Lさんの小観光案内

 Lさんは朝から仕事の関係で会社へ打ち合わせに行くため、例のミッキー叔父さんの運転で、三人で街へ出かけた。10時には彼女の仕事が終わるので、観光案内してくれることになった。

 その前に小さなメモ用紙を渡された。それには、私が一人でブタペスト駅から帰宅するためのバス停留所と路線番号と降りる駅名が書かれていた。万一首尾よく帰れなかった場合のために、彼女の携帯電話番号と、自宅に居る夫Z氏の携帯番号が書かれていた。

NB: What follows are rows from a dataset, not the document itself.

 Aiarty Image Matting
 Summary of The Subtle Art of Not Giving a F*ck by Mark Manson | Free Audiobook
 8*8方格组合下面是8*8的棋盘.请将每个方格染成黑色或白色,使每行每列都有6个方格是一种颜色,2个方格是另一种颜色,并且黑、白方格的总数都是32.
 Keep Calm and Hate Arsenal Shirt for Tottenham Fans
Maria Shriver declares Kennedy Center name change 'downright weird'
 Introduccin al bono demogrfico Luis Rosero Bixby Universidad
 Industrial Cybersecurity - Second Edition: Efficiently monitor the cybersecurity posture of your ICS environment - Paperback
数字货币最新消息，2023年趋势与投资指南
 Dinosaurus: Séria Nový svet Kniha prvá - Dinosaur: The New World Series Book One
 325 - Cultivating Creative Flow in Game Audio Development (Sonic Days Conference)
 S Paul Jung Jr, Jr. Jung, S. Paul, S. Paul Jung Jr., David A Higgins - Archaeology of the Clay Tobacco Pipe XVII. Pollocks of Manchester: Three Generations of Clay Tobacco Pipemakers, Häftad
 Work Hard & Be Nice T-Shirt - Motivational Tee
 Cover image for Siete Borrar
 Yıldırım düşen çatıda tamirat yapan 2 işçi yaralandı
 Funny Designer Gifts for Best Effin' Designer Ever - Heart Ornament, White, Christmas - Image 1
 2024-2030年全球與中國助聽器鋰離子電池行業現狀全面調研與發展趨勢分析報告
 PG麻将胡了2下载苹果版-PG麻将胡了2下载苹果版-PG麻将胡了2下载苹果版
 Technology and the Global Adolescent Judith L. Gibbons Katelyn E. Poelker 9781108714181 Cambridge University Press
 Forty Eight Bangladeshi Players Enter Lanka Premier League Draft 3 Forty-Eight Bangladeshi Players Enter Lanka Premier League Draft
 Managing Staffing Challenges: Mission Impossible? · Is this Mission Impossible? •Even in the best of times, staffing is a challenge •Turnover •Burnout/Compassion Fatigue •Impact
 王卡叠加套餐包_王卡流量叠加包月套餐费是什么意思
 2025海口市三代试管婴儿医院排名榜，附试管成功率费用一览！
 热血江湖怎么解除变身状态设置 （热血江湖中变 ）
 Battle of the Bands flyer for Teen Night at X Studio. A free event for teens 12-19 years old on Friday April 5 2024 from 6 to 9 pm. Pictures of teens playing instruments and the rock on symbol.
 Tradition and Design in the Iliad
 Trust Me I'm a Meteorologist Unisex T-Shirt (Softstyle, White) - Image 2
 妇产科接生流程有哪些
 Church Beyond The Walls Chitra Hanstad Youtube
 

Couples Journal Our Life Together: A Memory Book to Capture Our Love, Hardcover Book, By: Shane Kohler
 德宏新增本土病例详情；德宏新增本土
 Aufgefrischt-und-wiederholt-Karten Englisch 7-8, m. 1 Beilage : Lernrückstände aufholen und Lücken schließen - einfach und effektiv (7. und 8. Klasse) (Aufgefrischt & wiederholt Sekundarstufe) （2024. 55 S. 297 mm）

 街に入ると直ぐにLさんを降ろし、ミッキー叔父さんと私はブタペスト駅へ向かった。駅に着くと道路脇の無料の駐車位置に車を止め、叔父さんは私を連れて駅裏のバス停へ案内した。バス停に貼られた時刻表の路線番号を指して教えてくれ、降りる駅名も教えてくれた。
 朝家を出る時に、夕方18時頃には帰宅するようにと、Lさんが言っていたことも、ミッキー叔父さんは私に念を押した。

 車へ戻り二人でLさんと落ち合う場所へ向かった。少し大きな広場のある公園で彼女は私を待っていた。1時間半程案内できるから、と石畳を歩き出した。今日も天気は良くて空は晴れていた。すぐに午後は暑くなるなと分かった。

 一年間に1回しか上下に回転しない大きな砂時計には驚かされた。資料館や文化館などの前を散歩し、英雄達の銅像がずらりと並んだ公園に出た。夫々の英雄についての彼女の詳しい説明にも驚いた。
 観光団の一行がガイドの案内で、この英雄公園に来ていた。日本に来た外国人に、私は大雑把な説明をしていたことを恥じた。銅像は 高い台座の上に立てられいて、台座にはその栄光を称えるレリーフがはめ込まれていた。
 その後、ブタペスト駅へ行くのは、地下鉄でも、バスでも行けるからと、Lさんは私に告げて午後の仕事へ戻っていった。さあ、私のひとり観光の始まりだ。